How insane is this law? Basically, this law sends the message that if you are ever in any kind of confrontation, better shoot first because if the other guy does he’ll get to say he feared for his life, and since an armed society is a polite society, he has every reason to believe you’re carrying, and even if you’re not, that movement you made at your beltline is all the reason he needs to think that you are. That’s right, the state is telling you that you better arm up and take matters into your own hand, because there’s no protection against someone else who does, unless you have a gun. Now juxtapose this with a legal system that is most definitely not blind, and economic system that creates some really big losers who can’t really afford the best legal representation, and it’s impossible not to conclude that these ALEC abominations were not designed specifically to empower embittered whites with lethal force to really use their weapons in the way they always intended to, to show those thugs whose boss. This law has it all: A) It’s a perfect mechanism for terrorizing minorities B) It’s an incredible scheme for marketing guns C) It posits the dissolution of democratic society itself. And judging by the news, the message has been received loud and clear by quite a few angry white guys.

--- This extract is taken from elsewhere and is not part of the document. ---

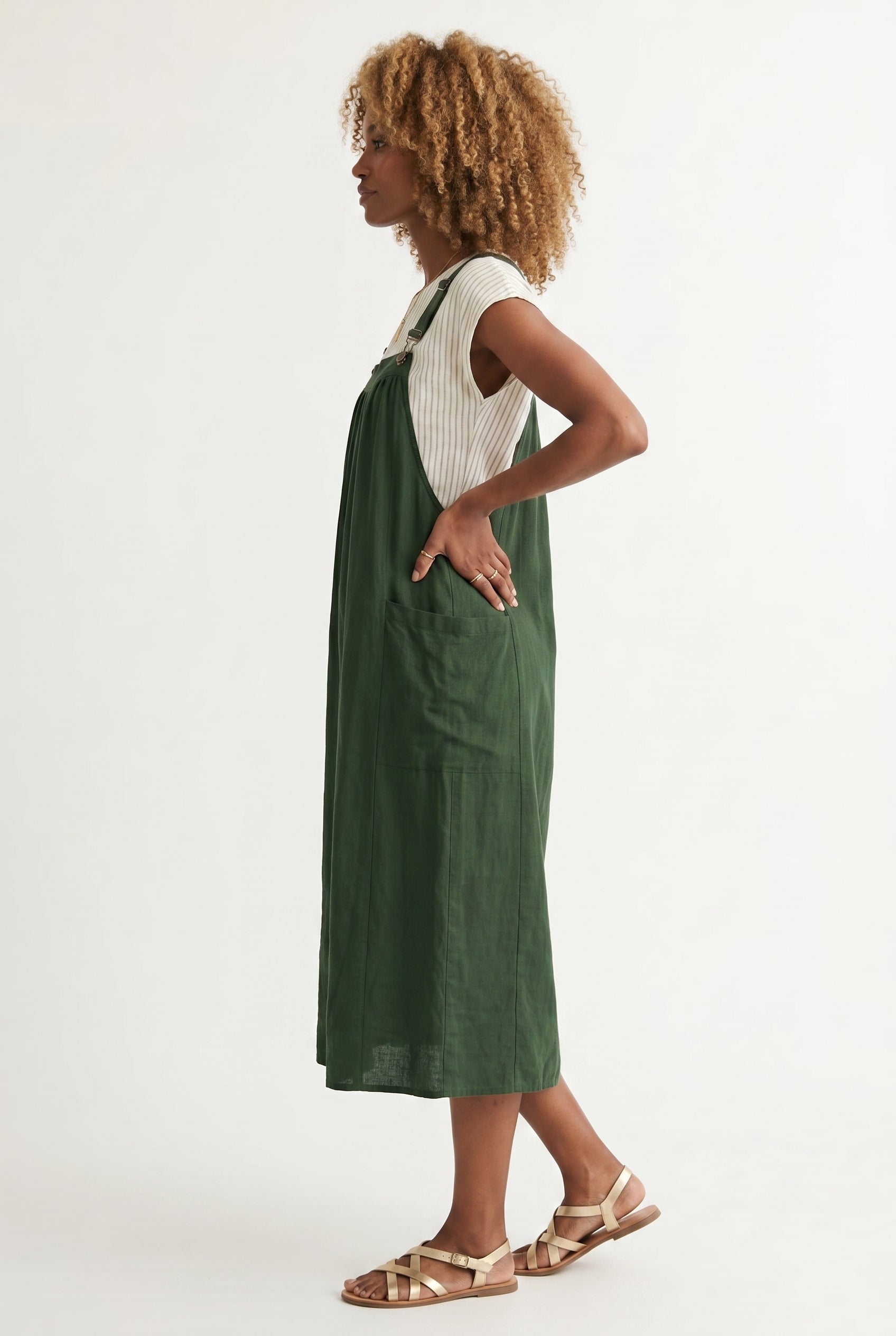 Woman wearing a scarab dark green midi-length pinafore dress layered over a white long-sleeve top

Basically, these laws are to me an omnious sign of the literal breakdown of society. They should be challenged directly to the Supreme Court. But then, it’s also impossible not to see a direct line between this kind of law and the Bush-Cheney 1% doctrine of pre-emptive war, along with it’s imperialistic paranoia about terrorists, a doctrine which still largely determines our foreign policy, as well as empowers the super spooks to treat the Constitution like Angel Soft 2-ply.
Next to that, a noose around a statue’s neck just looks like a really hateful prank.
The facts don’t support your statement. SYG was not used be either Zimmerman or Dunn’s defense teams. Repeating falsehoods doesn’t make them any truer.
It’s less than clear that Florida’s 2005 SYG law directly increased the number gun murders much less white on black gun murders. Crime statistics — collection and analysis — leave a lot to be desired.
As say this as one person that loathes handguns and assault weapons and would like to see all of them banned. There are plenty of good solid reasons for supporting gun regulations and control. Hence, there’s no need to distort the facts in high profile (unique) cases to further a rational position wrt to guns.
Nope. The jury instructions were specifically worded based on stand your ground law.
More, with links to studies on the laws effects:
Again, SYG IS the state’s self defense law.
You’re confusing wording in the self-defense statute in FL that is similar to the statutes in most states with the special SYG statute. No duty to retreat and use of force in self-defense not unique to FL and predate the SYG law.
It can be confusing but competent attorneys explained the differences during and after the Zimmerman trial.
Black history month. A noose around the neck of James Meredith’s statue at UMiss campus.
The mindset that carried that noose to the statue and lifted it up in place during this month probably thought they were staking a claim to remembered power, a certain glory of intimidation and an American caste system that inoculates them from recognizing they are the problem.
I’m still trying to deal with the Dunn verdict because no Mr. Priebus, racism is not dead in America.